Naryanbagh Lake or Narayanbagh Sar is a shallow lake situated 14 km from Ganderbal town & 30 kilometers from Srinagar city in between the Dab and Narayanbagh villages of Ganderbal district of Jammu and Kashmir, India. Covering an area of 24.3 hectares, it lies at an altitude of 1587 meters. The lake is classified as a semi-drainage type, primarily fed by springs within its basin, and reaches a maximum depth of 5 meters.

==Geography==
Naraynbagh Lake is located on the floodplain of the river Jhelum.

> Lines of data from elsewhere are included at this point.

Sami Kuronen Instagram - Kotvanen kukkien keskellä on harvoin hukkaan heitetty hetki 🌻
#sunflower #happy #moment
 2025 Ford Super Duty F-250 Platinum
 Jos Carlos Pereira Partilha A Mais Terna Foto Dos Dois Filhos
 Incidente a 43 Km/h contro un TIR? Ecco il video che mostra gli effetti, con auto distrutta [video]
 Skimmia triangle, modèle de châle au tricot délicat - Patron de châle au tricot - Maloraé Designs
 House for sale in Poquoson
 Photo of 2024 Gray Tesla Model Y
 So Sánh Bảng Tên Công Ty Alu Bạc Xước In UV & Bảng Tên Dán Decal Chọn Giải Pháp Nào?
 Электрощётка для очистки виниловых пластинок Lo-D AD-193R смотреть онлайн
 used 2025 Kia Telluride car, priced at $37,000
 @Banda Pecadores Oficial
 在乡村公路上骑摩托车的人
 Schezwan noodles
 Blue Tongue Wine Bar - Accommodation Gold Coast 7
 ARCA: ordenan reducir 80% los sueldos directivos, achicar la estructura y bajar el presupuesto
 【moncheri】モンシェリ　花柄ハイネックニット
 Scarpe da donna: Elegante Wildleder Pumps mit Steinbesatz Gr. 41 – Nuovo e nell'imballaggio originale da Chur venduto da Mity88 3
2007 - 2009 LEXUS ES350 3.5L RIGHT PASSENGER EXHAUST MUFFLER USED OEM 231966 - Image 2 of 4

Its water is alkaline, with a pH ranging from 7.6 to 8. The lake is characterized by marl formation, which covers the macrophytic vegetation and basin sediment.

Narayanbagh Lake falls under wetland type 13, characterized by its semi-drainage nature and reliance on spring water for its supply.

==Climate==
The climate around Naraynbagh Lake exhibits marked seasonal changes, with temperatures fluctuating from -4°C in winter to 32.5°C in summer. Heavy snowfall occurs during the winter months.

==Vegetation==
The principal vegetation of the lake includes Ceratophyllum and Myriophyllum aquatic species in deeper areas, while Phragmites and Typha reeds typically grow along the lake shore. The aquatic fern Salvinia natans also thrives in the lake's ecosystem.